Provided records
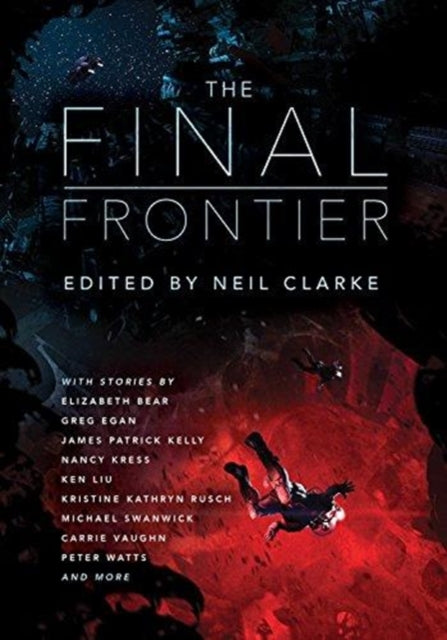 The Final Frontier: Stories of Exploring Space, Colonizing the Universe, and First Contact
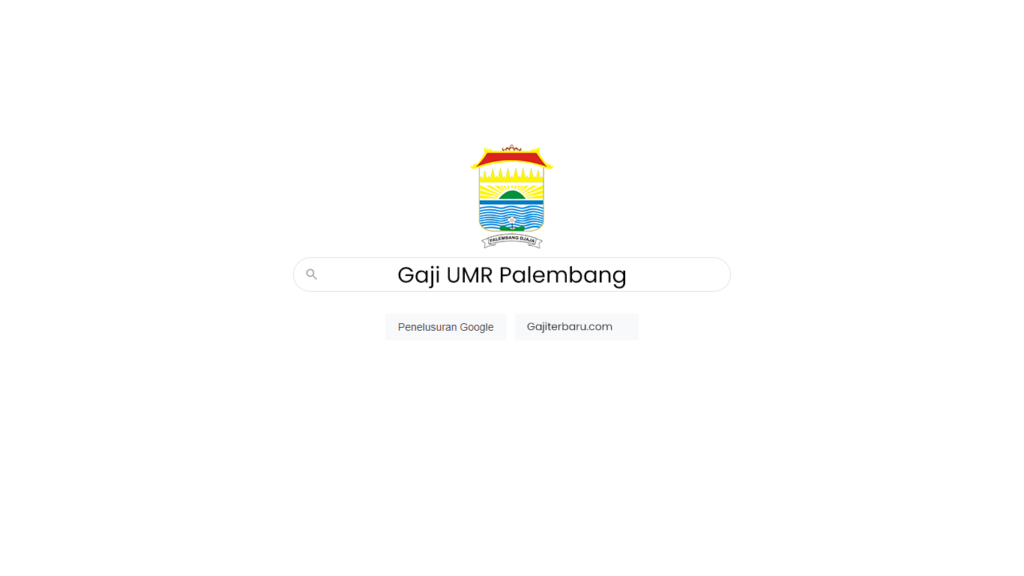 Gaji UMR Palembang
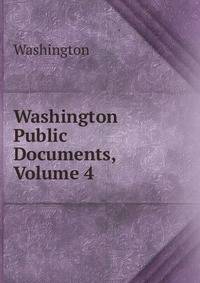 Washington Public Documents, Volume 4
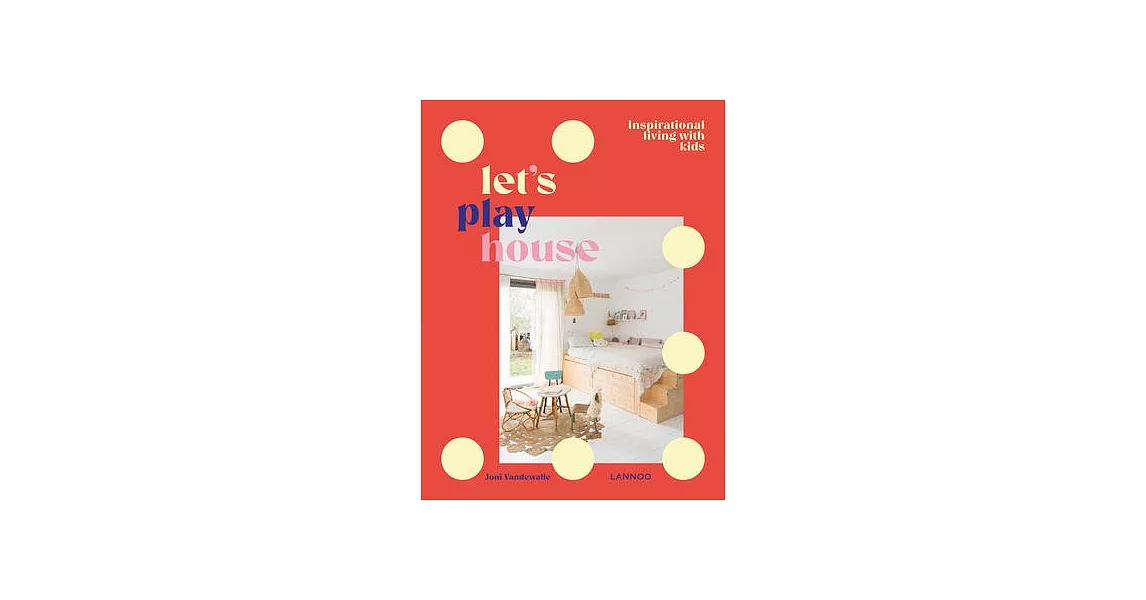 Let’’s Play House: Inspirational Living with Kids | 拾書所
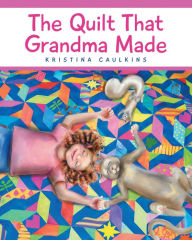 Title: The Quilt That Grandma Made, Author: Kristina Caulkins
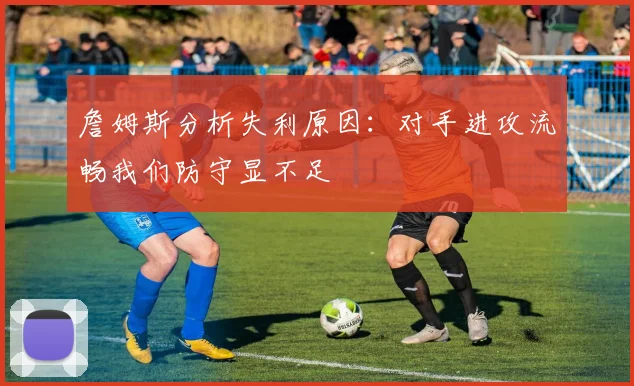 詹姆斯分析失利原因：对手进攻流畅我们防守显不足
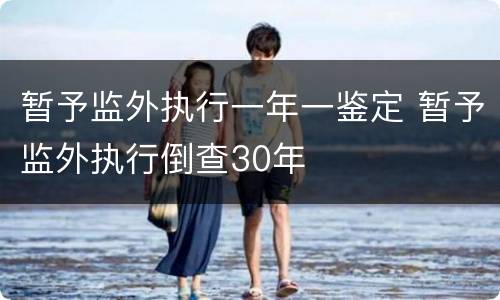 暂予监外执行一年一鉴定 暂予监外执行倒查30年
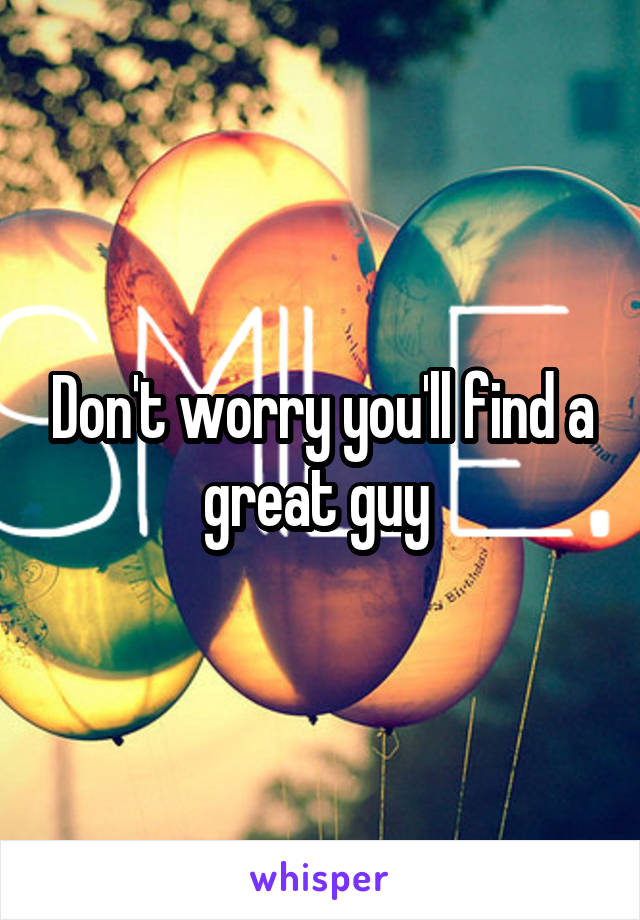 Don't worry you'll find a great guy 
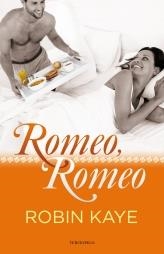 ROMEO, ROMEO | 9788492617951 | KAYE, ROBIN | Librería Castillón - Comprar libros online Aragón, Barbastro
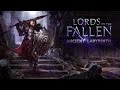 Gameplay-Video von Lords of the Fallen: Ancient Labyrinth  Alle Plattformen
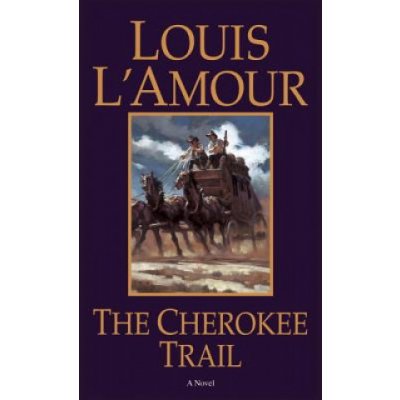 The Cherokee Trail - (L'Amour Louis)(Mass Market Paperbound) – Hledejceny.cz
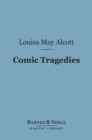 Image for Comic Tragedies (Barnes &amp; Noble Digital Library): Written by Jo and Meg and Acted by The Little Women
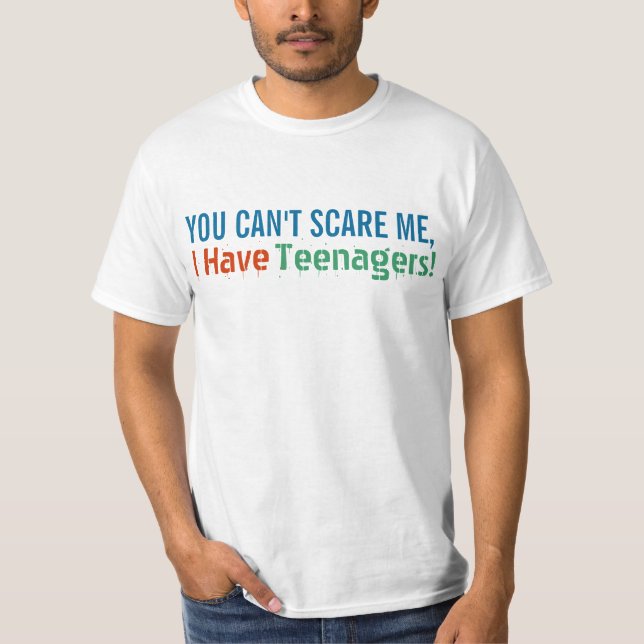 Sie können mich nicht erschrecken, ich haben T-Shirt (Vorderseite)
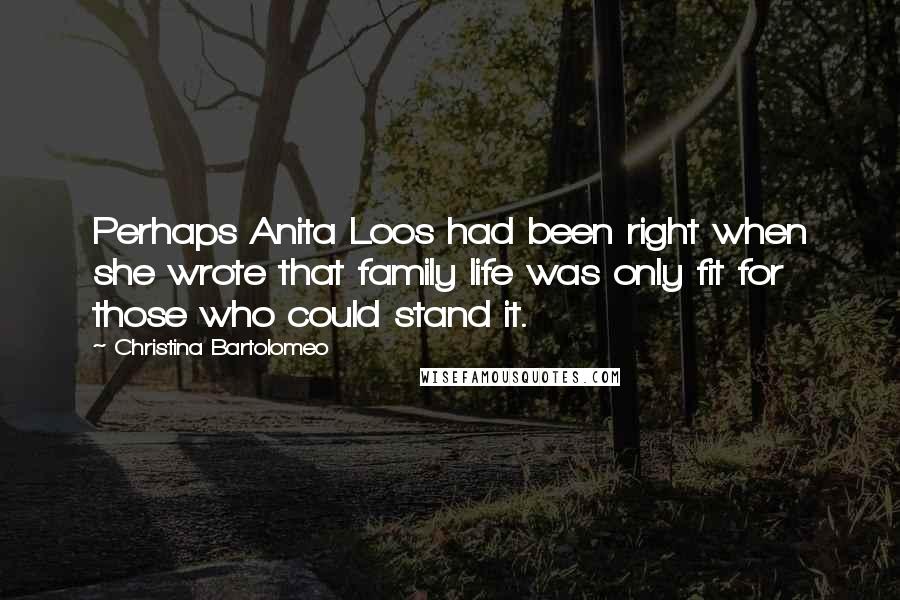 Christina Bartolomeo quotes: Perhaps Anita Loos had been right when she wrote that family life was only fit for those who could stand it. Christina Bartolomeo quotes: Perhaps Anita Loos had been right when she wrote that family life was only fit for those who could stand it.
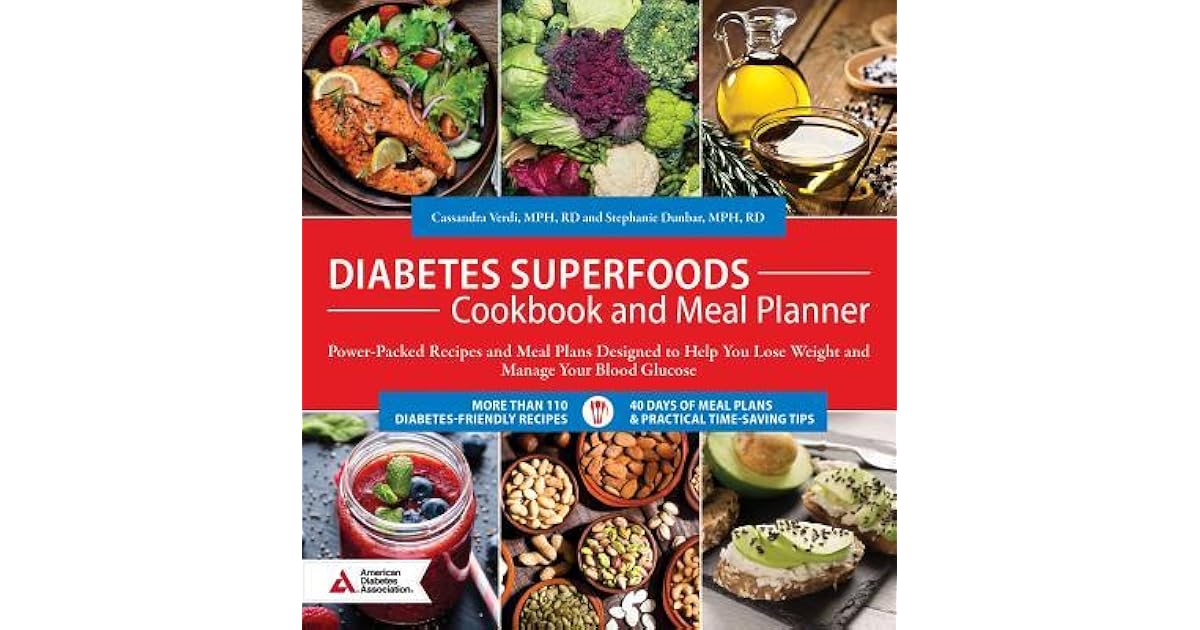 Diabetes Superfoods Cookbook and Meal Planner PowerPacked Recipes and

Work required
Starting at the first line of the records above, set down each line exactly through the one that holds "Sie können mich". Omit pictures.

Exercise response
 The Final Frontier: Stories of Exploring Space, Colonizing the Universe, and First Contact
 Gaji UMR Palembang
 Washington Public Documents, Volume 4
 Let’’s Play House: Inspirational Living with Kids | 拾書所
 Title: The Quilt That Grandma Made, Author: Kristina Caulkins
 詹姆斯分析失利原因：对手进攻流畅我们防守显不足
 暂予监外执行一年一鉴定 暂予监外执行倒查30年
 Don't worry you'll find a great guy 
 ROMEO, ROMEO | 9788492617951 | KAYE, ROBIN | Librería Castillón - Comprar libros online Aragón, Barbastro
 Gameplay-Video von Lords of the Fallen: Ancient Labyrinth  Alle Plattformen
 The Cherokee Trail - (L'Amour Louis)(Mass Market Paperbound) – Hledejceny.cz
 Image for Comic Tragedies (Barnes &amp; Noble Digital Library): Written by Jo and Meg and Acted by The Little Women
 Sie können mich nicht erschrecken, ich haben T-Shirt (Vorderseite)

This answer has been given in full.